:: DATASET ENTRIES
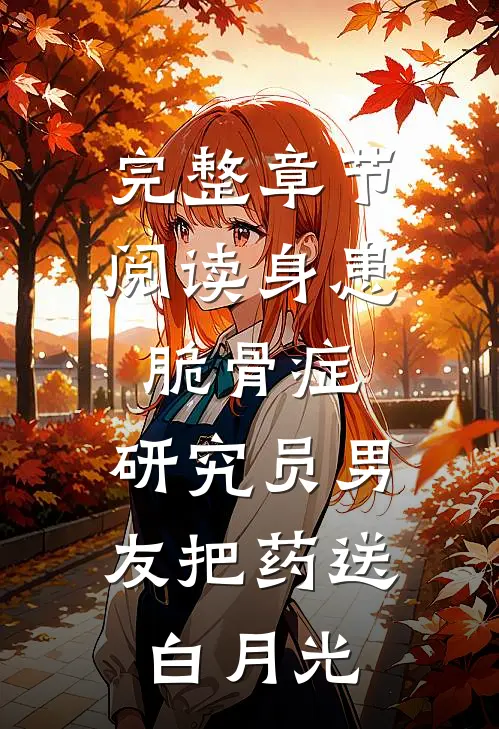 完整章节阅读身患脆骨症，研究员男友把药送白月光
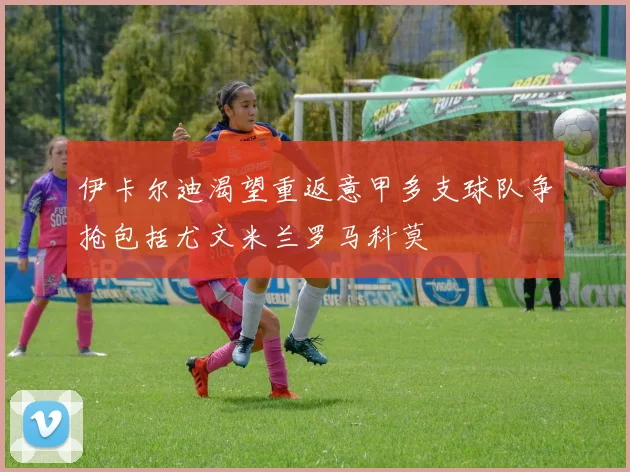 伊卡尔迪渴望重返意甲多支球队争抢包括尤文米兰罗马科莫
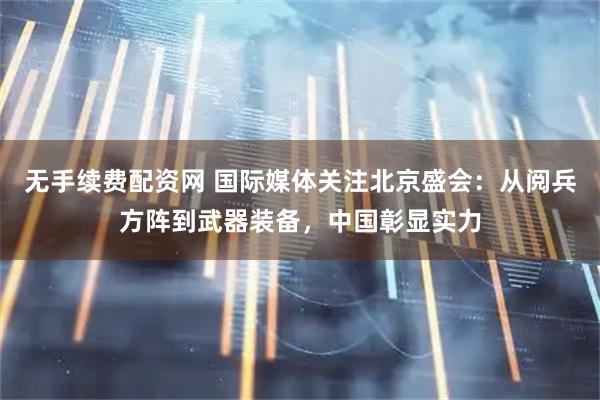 无手续费配资网 国际媒体关注北京盛会：从阅兵方阵到武器装备，中国彰显实力
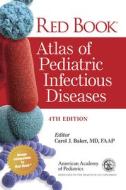 Red Book (r) Atlas Of Pediatric Infectious Diseases di American Academy of Pediatrics edito da American Academy Of Pediatrics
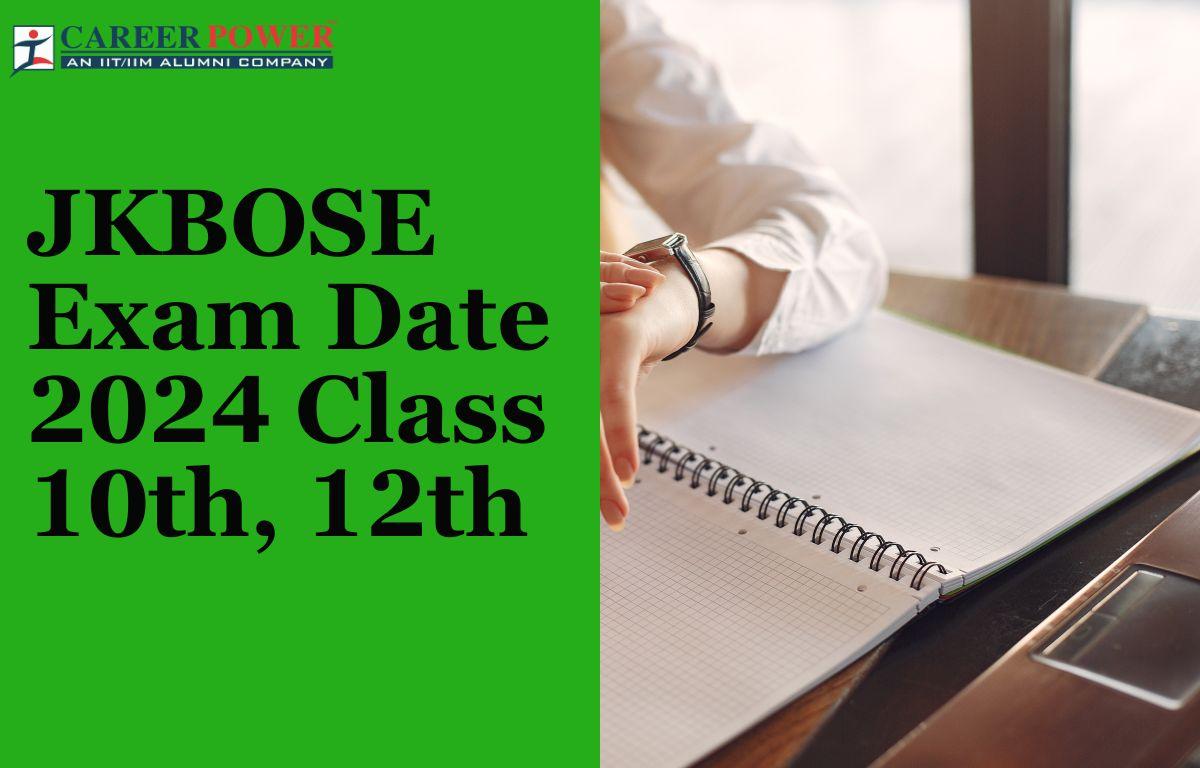 JKBOSE Exam Date 2024 Class 10, 12 Out, Check Complete Exam Schedule_20.1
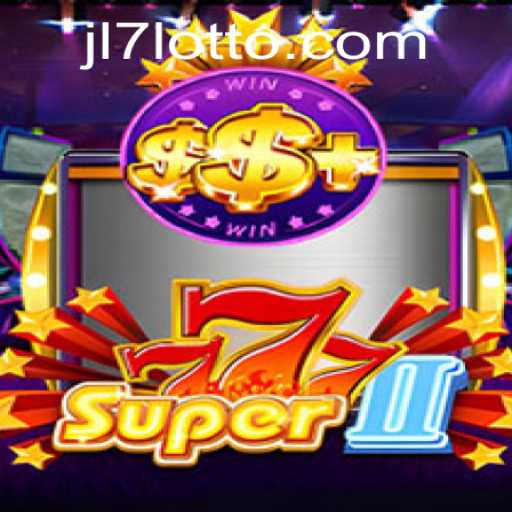 Discover the Thrills of Super777II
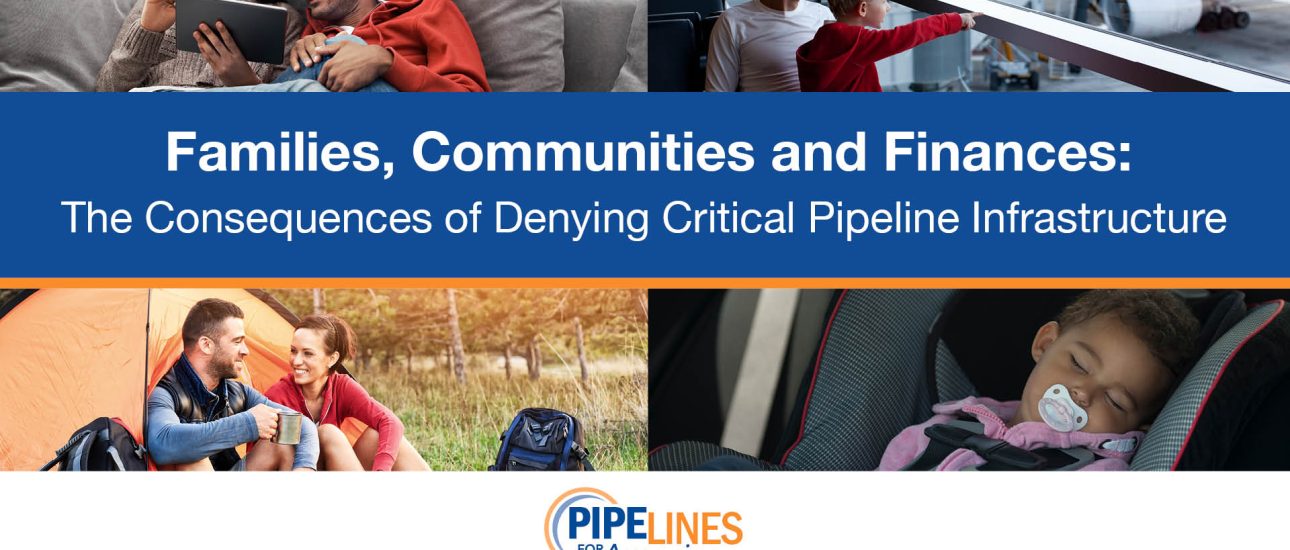 Families, Communities and Finances: The Consequences of Denying Critical Pipeline Infrastructure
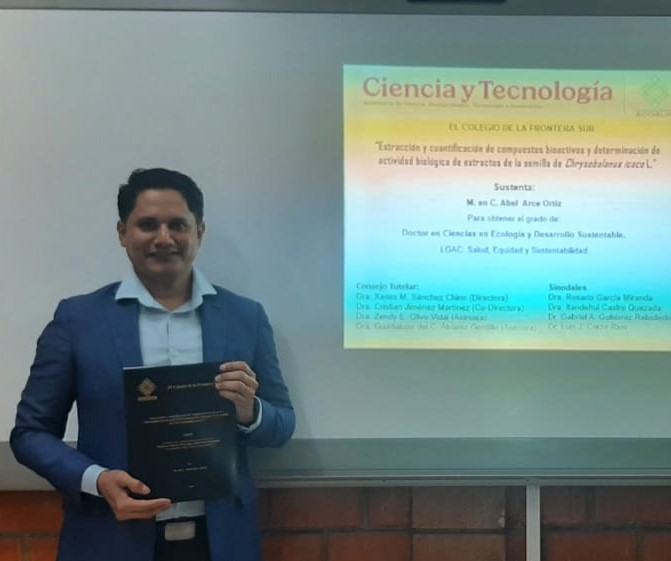 Abel Arce Ortiz obtiene el grado de Doctor en Ciencias con la tesis “Extracción y cuantificación de compuestos bioactivos y determinación de actividad biológica de extractos de la semilla de Chrysobalanus icaco L.”.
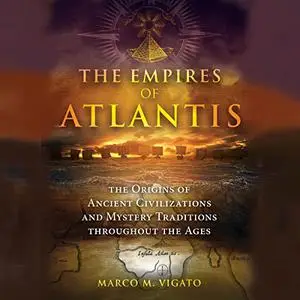 The Empires of Atlantis: The Origins of Ancient Civilizations and Mystery Traditions Throughout the Ages [Audiobook]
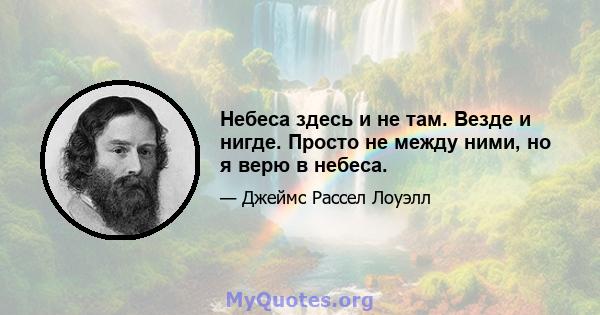 Небеса здесь и не там. Везде и нигде. Просто не между ними, но я верю в небеса.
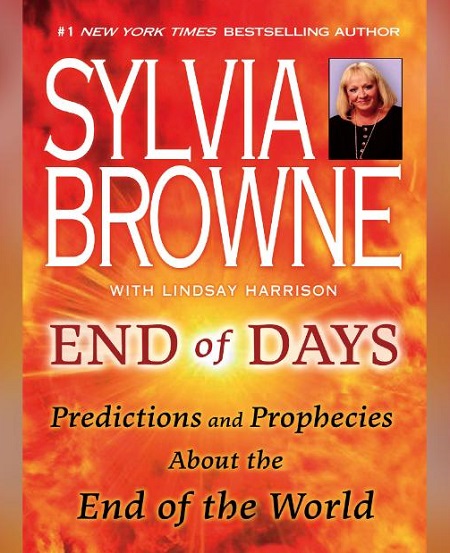Sylvia Browne's book, 'End of Days: Predictions and Prophecies about the End of the World'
::::
YOUR ASSIGNMENT: Please, without any pictures, write out exactly the lines of the listing from its first line through the line that holds "Небеса здесь и", ends included, and nothing beyond them.

EXERCISE SOLUTION:
 完整章节阅读身患脆骨症，研究员男友把药送白月光
 伊卡尔迪渴望重返意甲多支球队争抢包括尤文米兰罗马科莫
 无手续费配资网 国际媒体关注北京盛会：从阅兵方阵到武器装备，中国彰显实力
 Red Book (r) Atlas Of Pediatric Infectious Diseases di American Academy of Pediatrics edito da American Academy Of Pediatrics
 JKBOSE Exam Date 2024 Class 10, 12 Out, Check Complete Exam Schedule_20.1
 Discover the Thrills of Super777II
 Families, Communities and Finances: The Consequences of Denying Critical Pipeline Infrastructure
 Abel Arce Ortiz obtiene el grado de Doctor en Ciencias con la tesis “Extracción y cuantificación de compuestos bioactivos y determinación de actividad biológica de extractos de la semilla de Chrysobalanus icaco L.”.
 The Empires of Atlantis: The Origins of Ancient Civilizations and Mystery Traditions Throughout the Ages [Audiobook]
 Небеса здесь и не там. Везде и нигде. Просто не между ними, но я верю в небеса.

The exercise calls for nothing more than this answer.